Please state how many lines of the records below contain the word "Women". Give the number and nothing else.

------ DATA PROVIDED

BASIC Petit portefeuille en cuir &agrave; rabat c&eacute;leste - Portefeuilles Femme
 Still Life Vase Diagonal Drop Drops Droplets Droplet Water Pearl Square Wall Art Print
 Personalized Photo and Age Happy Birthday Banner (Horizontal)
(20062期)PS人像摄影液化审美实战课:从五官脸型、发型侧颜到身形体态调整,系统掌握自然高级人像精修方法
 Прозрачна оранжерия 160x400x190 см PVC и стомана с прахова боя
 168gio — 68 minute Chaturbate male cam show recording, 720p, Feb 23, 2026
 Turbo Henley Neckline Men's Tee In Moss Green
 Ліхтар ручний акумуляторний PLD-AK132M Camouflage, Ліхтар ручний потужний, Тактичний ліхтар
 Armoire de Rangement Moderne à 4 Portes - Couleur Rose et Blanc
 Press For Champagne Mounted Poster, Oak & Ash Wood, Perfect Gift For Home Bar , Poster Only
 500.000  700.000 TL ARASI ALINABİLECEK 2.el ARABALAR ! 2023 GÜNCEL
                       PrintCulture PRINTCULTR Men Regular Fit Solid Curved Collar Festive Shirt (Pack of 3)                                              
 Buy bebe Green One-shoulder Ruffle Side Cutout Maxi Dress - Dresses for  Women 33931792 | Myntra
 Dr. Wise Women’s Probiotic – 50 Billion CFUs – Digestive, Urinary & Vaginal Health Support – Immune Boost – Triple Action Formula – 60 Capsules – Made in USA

------------

EXERCISE OUTPUT ▸ 2